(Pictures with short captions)
********************
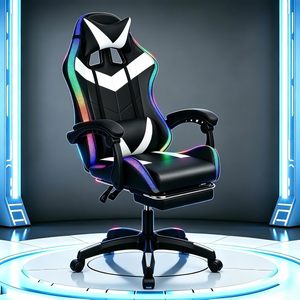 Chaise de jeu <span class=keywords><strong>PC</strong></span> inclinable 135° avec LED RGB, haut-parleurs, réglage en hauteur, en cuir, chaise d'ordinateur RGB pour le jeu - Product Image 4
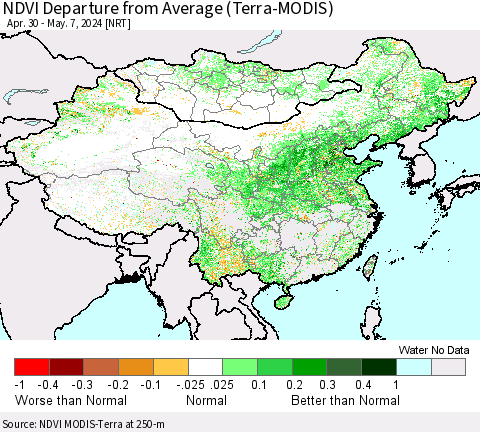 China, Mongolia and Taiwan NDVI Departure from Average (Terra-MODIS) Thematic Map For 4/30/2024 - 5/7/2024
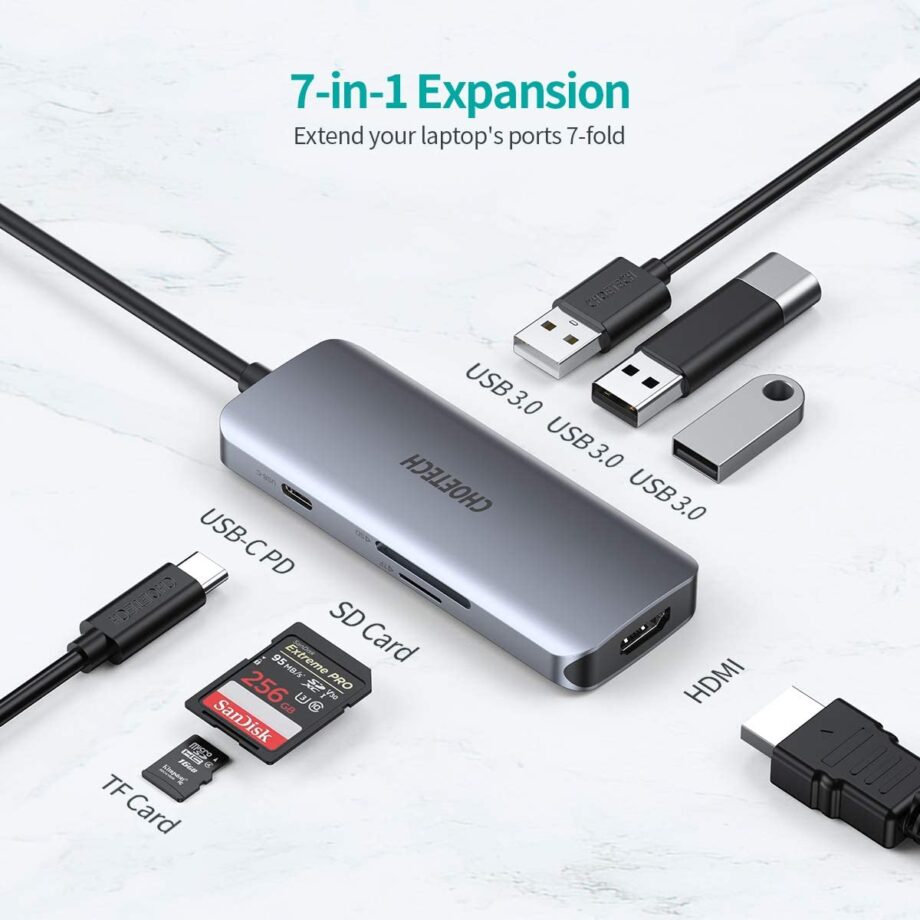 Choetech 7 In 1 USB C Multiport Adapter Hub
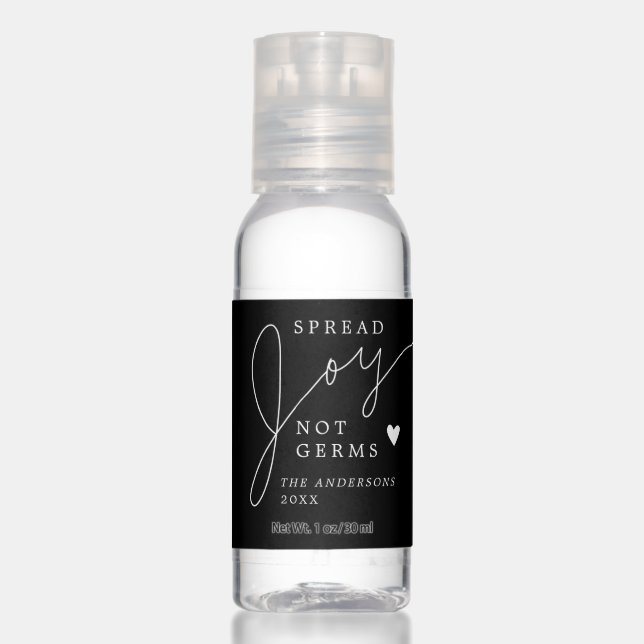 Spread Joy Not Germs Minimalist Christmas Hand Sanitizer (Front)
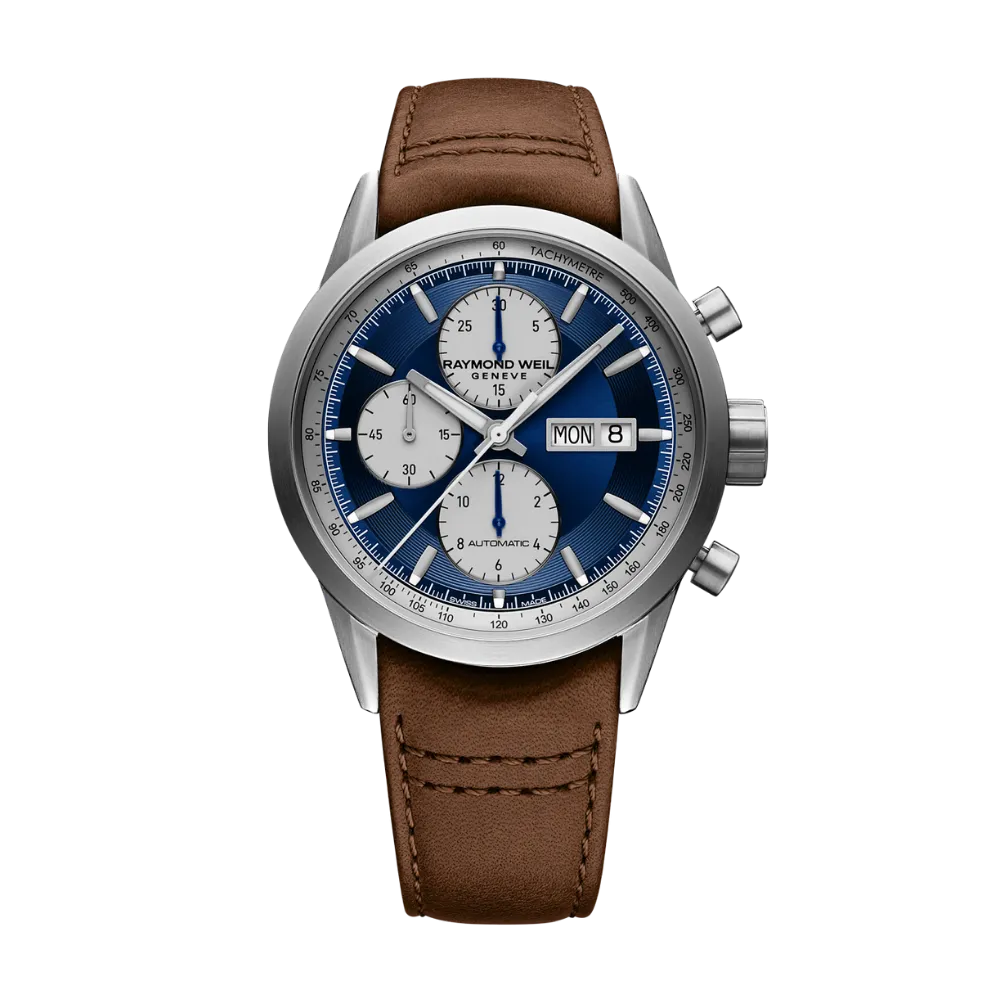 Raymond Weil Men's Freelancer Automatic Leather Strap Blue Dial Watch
********************
# [Task item]
Although the records contain pictures, the copy should hold only their text, reproduced exactly.

# [Result]
 Chaise de jeu <span class=keywords><strong>PC</strong></span> inclinable 135° avec LED RGB, haut-parleurs, réglage en hauteur, en cuir, chaise d'ordinateur RGB pour le jeu - Product Image 4
 China, Mongolia and Taiwan NDVI Departure from Average (Terra-MODIS) Thematic Map For 4/30/2024 - 5/7/2024
 Choetech 7 In 1 USB C Multiport Adapter Hub
 Spread Joy Not Germs Minimalist Christmas Hand Sanitizer (Front)
 Raymond Weil Men's Freelancer Automatic Leather Strap Blue Dial Watch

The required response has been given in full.